→ **INPUT**:
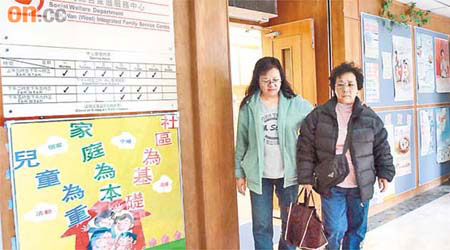 梁婆婆（右）在志願團體及議員助理（左）協助下，才獲三千多元搬遷津貼。
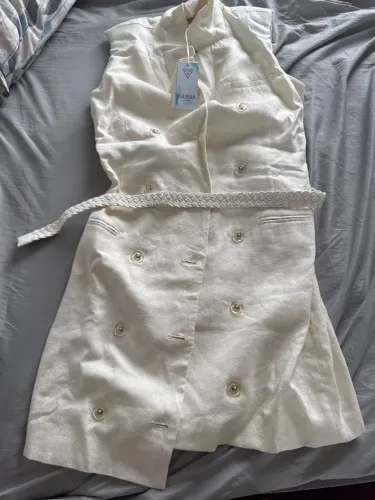 Vestido GUESS elegante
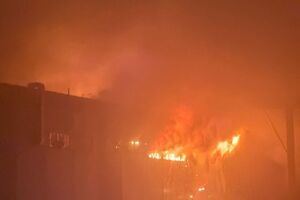 Пожар вспыхнул на складе для хранения аккумуляторов в "Алабуге", сообщили СМИ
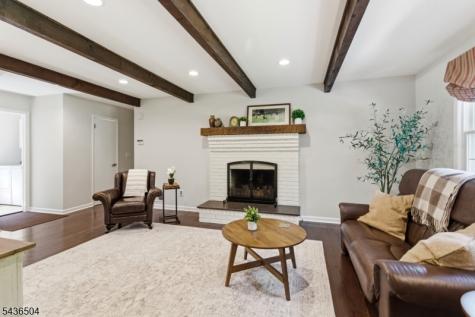 72 Kiva Place Branchburg NJ 08876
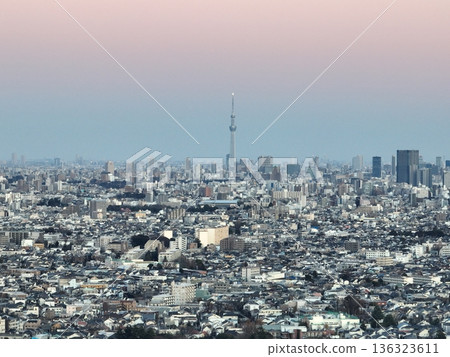 Bird's-eye view of the Skytree bathed in the sunset 136323611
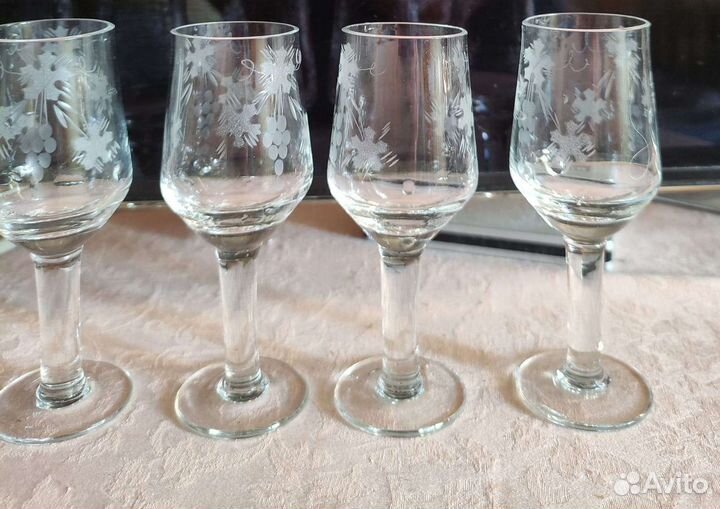 Фужеры и рюмки стекло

→ **EXERCISE**: An acceptable answer consists of the lines above from the one holding "72 Kiva Place Branchburg NJ 08876" to the end of the data, repeated exactly and containing no pictures.

→ **RESULT OF THE EXERCISE**:
 72 Kiva Place Branchburg NJ 08876
 Bird's-eye view of the Skytree bathed in the sunset 136323611
 Фужеры и рюмки стекло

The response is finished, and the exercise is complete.